→ Aim of the task: Give back every record below in full and exactly, but without a single image.

*** Extracted records ***

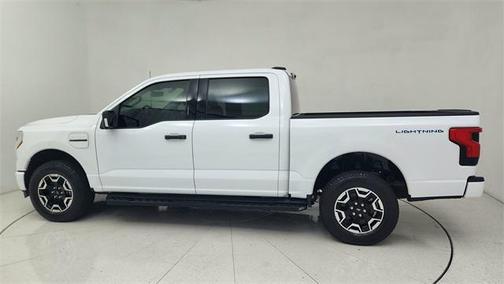 2023 Ford F-150 Lightning XLT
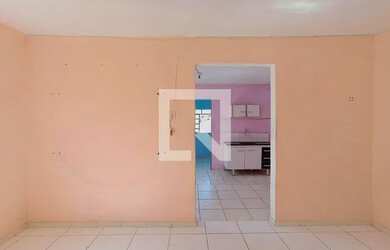 Imagem 3: Casa para Aluguel - Parque Casa de Pedra, 1 Quarto, 50 m2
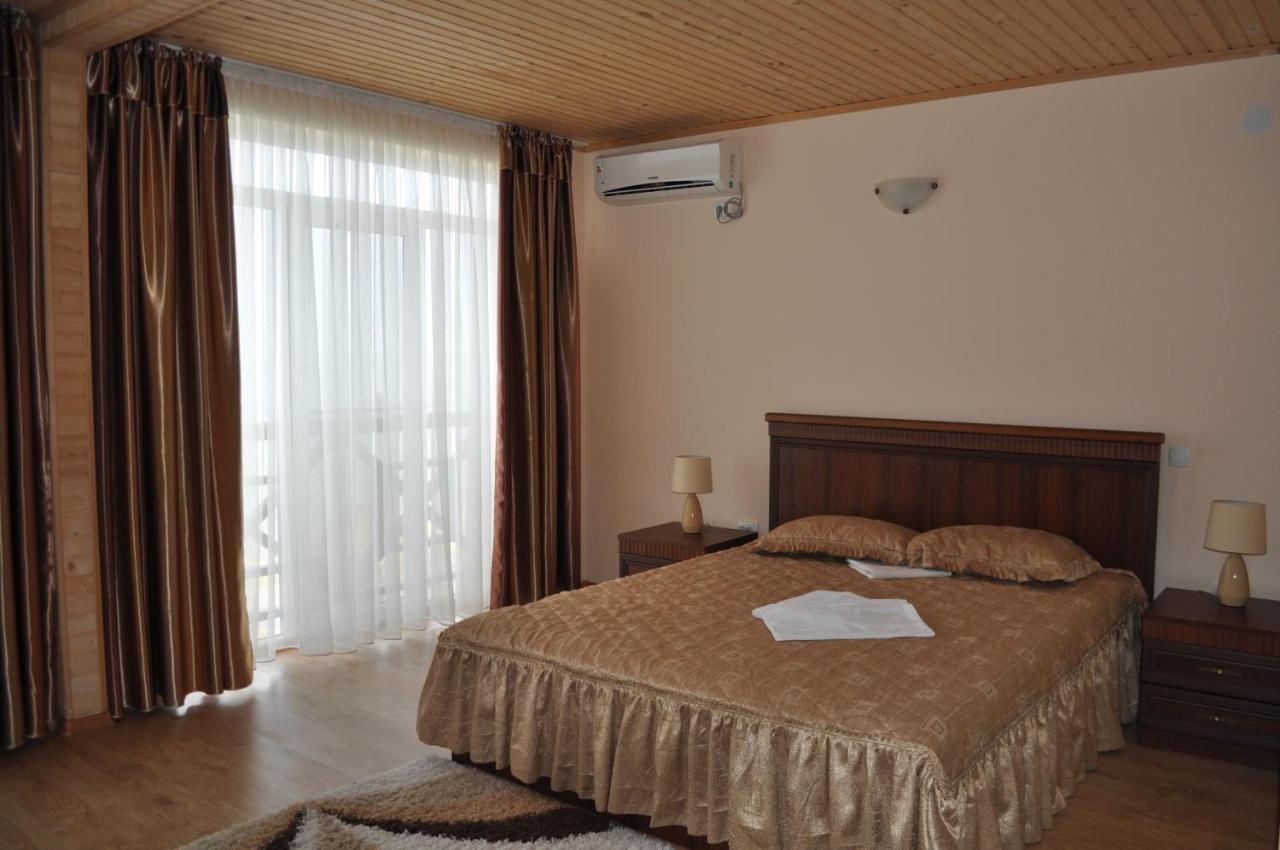 Веселий Кут Otel Zaliznyi Port Dış mekan fotoğraf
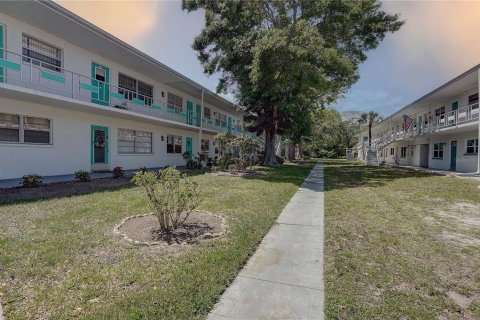 Condo in Saint Petersburg, Florida, 2 bedrooms  № 1620339 - photo 2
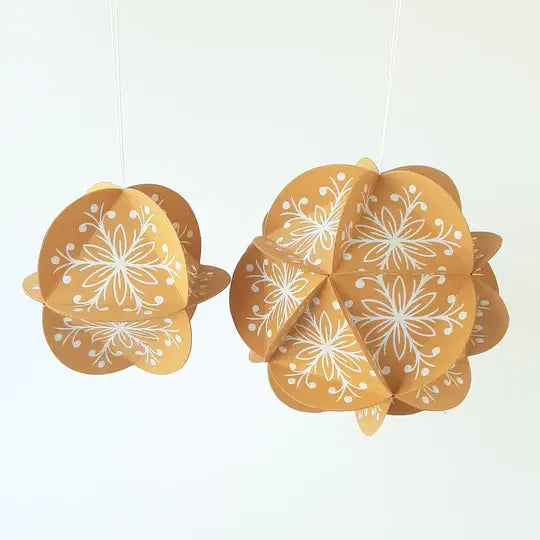 Globe Ornament Kit - Leafy 20 sided - White/Tan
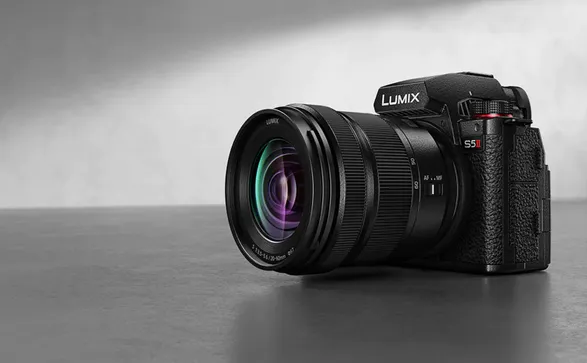 Panasonic Lumix S5ii 24.2 Mp Cmos Sensor Mirrorless Fullframe Digital Camera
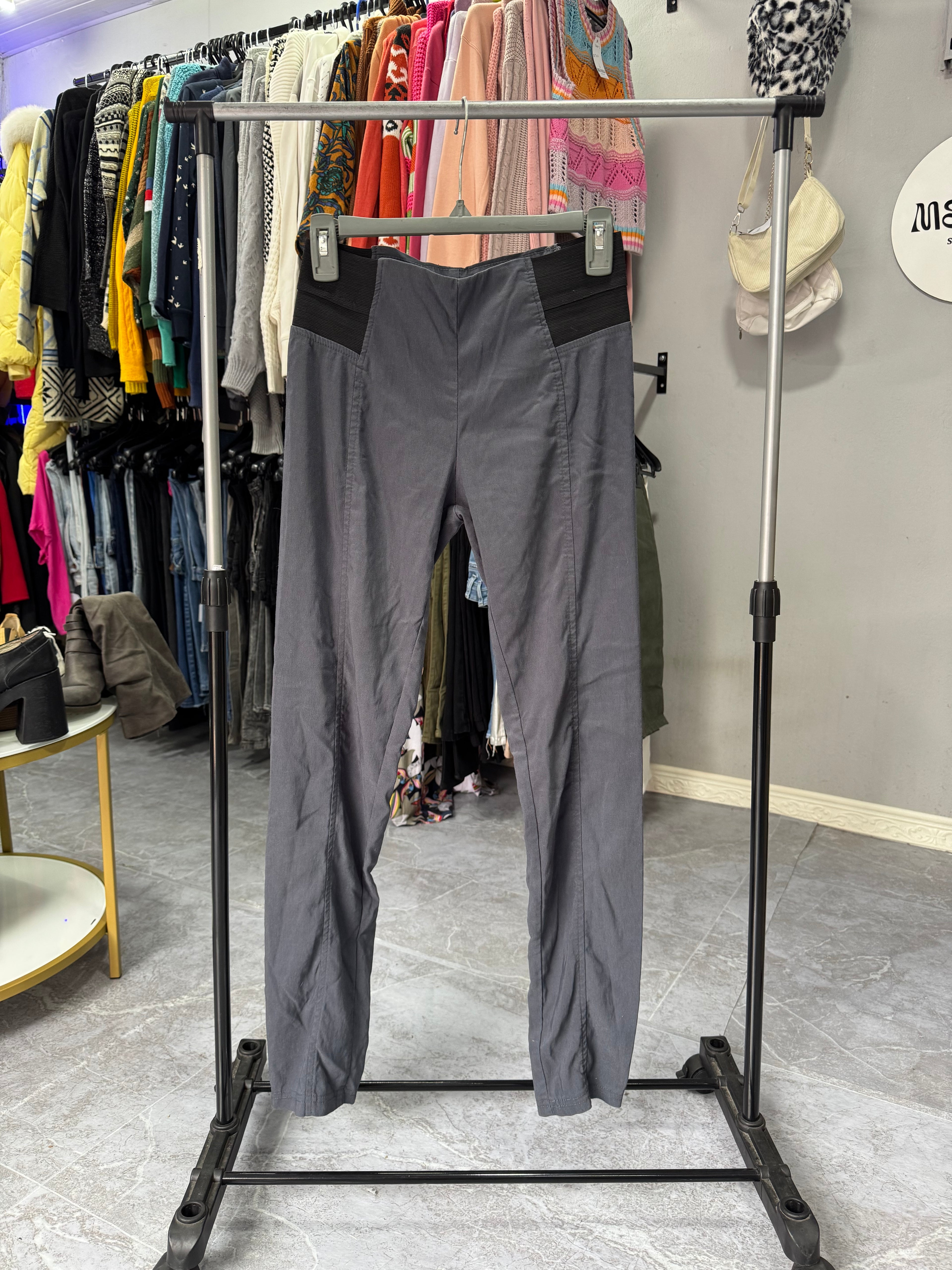 Pantalón gris tipo de vestir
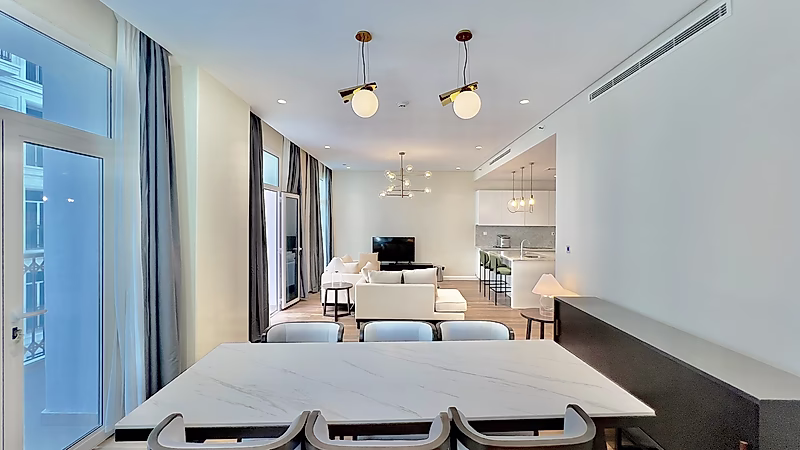 Elegant 2BR+ Maid's Apartment | Floresta Gardens | Bills Included - Photo 12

*** End of Extracted records ***

→ Task solution:
 2023 Ford F-150 Lightning XLT
 Imagem 3: Casa para Aluguel - Parque Casa de Pedra, 1 Quarto, 50 m2
 Веселий Кут Otel Zaliznyi Port Dış mekan fotoğraf
 Condo in Saint Petersburg, Florida, 2 bedrooms  № 1620339 - photo 2
 Globe Ornament Kit - Leafy 20 sided - White/Tan
 Panasonic Lumix S5ii 24.2 Mp Cmos Sensor Mirrorless Fullframe Digital Camera
 Pantalón gris tipo de vestir
 Elegant 2BR+ Maid's Apartment | Floresta Gardens | Bills Included - Photo 12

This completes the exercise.